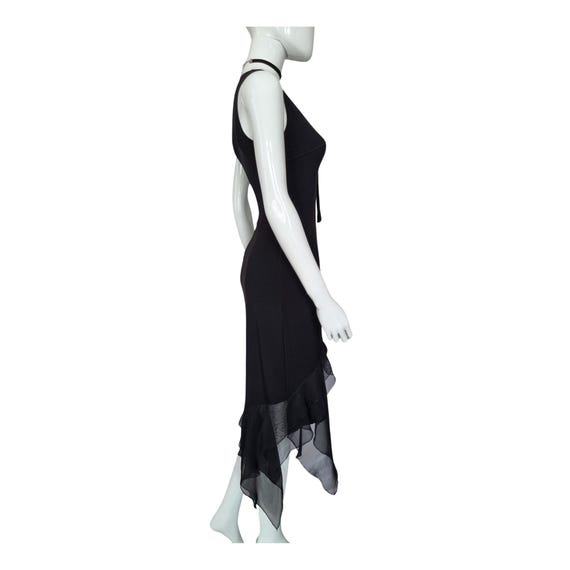 sleeveless draped front asymmetric hem dress Hayley Black One Shoulder Dress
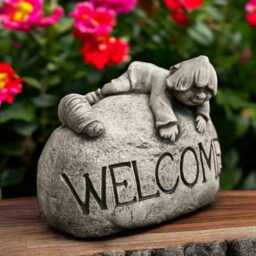 Concrete Welcome Stone Statue With Boy & Snail Garden Ornament Cement Outdoor Decor Stone Yard Sculpture Handmade Friendly Gift Patio Art - thumbnail 3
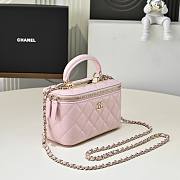 Colestore Chanel Vanity Rectangular Top Handle Light Pink Lambskin 17cm - 5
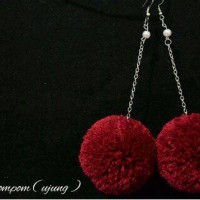 Jual anting pompom bulu woll Murah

****************

Leaving out only the pictures, return the material above unchanged.

**RESPONSE TO THE EXERCISE:**
 sleeveless draped front asymmetric hem dress Hayley Black One Shoulder Dress
 Concrete Welcome Stone Statue With Boy & Snail Garden Ornament Cement Outdoor Decor Stone Yard Sculpture Handmade Friendly Gift Patio Art - thumbnail 3
 Colestore Chanel Vanity Rectangular Top Handle Light Pink Lambskin 17cm - 5
 Jual anting pompom bulu woll Murah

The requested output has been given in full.